═════ INFORMATION SHOWN ═════

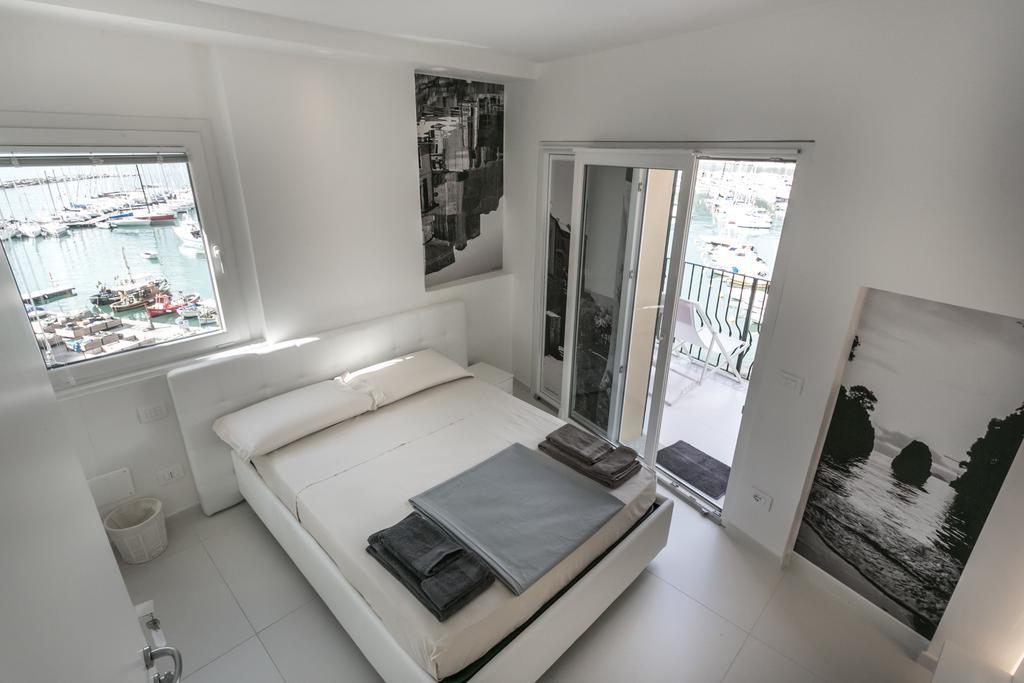 Al Molo Sea View Rooms Lerici Eksteriør billede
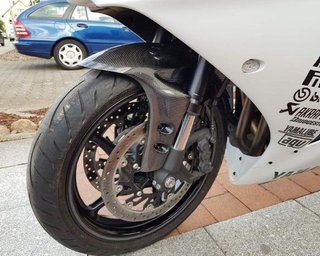 GUARDABARROS DELANTERO CARBONO YAMAHA R6 R1 MT10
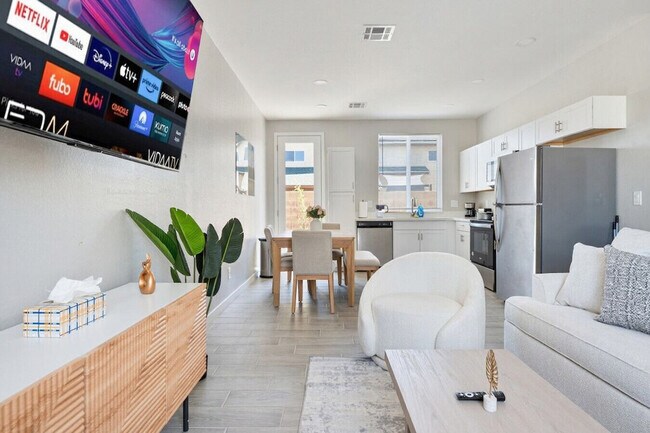 Foto del edificio - 6606 W Paradise Ln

═════

WHAT THE EXERCISE ASKS
Please set the data above down exactly, with the pictures removed.

WRITTEN REPLY
 Al Molo Sea View Rooms Lerici Eksteriør billede
 GUARDABARROS DELANTERO CARBONO YAMAHA R6 R1 MT10
 Foto del edificio - 6606 W Paradise Ln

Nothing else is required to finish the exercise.